§ About this task
When you reach a picture, skip it, and retype every line below exactly.

§ Dataset excerpt

# # # # #

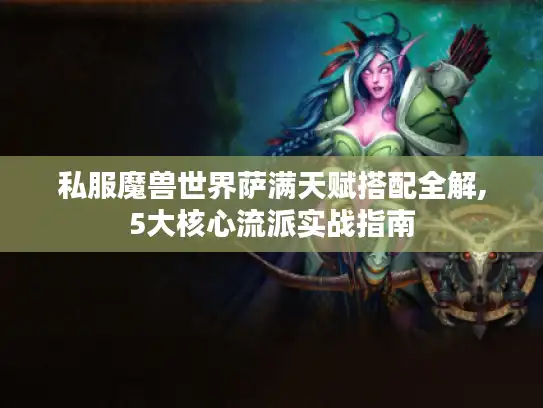 私服魔兽世界萨满天赋搭配全解,5大核心流派实战指南 私服魔兽世界萨满天赋搭配全解,5大核心流派实战指南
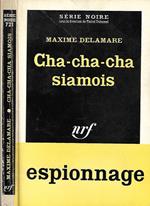Cha-cha-cha siamois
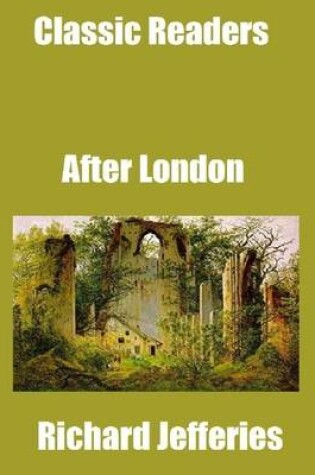 Cover of Classic Readers: After London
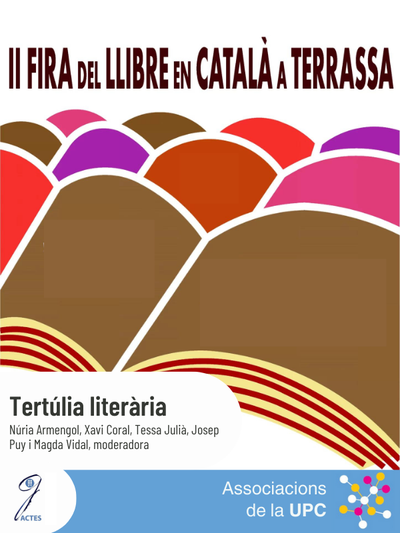 Tertúlia literària, en col·laboració amb la 2a Fira del llibre en català de Terrassa.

# # # # #

§ Output for this task
 私服魔兽世界萨满天赋搭配全解,5大核心流派实战指南 私服魔兽世界萨满天赋搭配全解,5大核心流派实战指南
Cha-cha-cha siamois
 Cover of Classic Readers: After London
 Tertúlia literària, en col·laboració amb la 2a Fira del llibre en català de Terrassa.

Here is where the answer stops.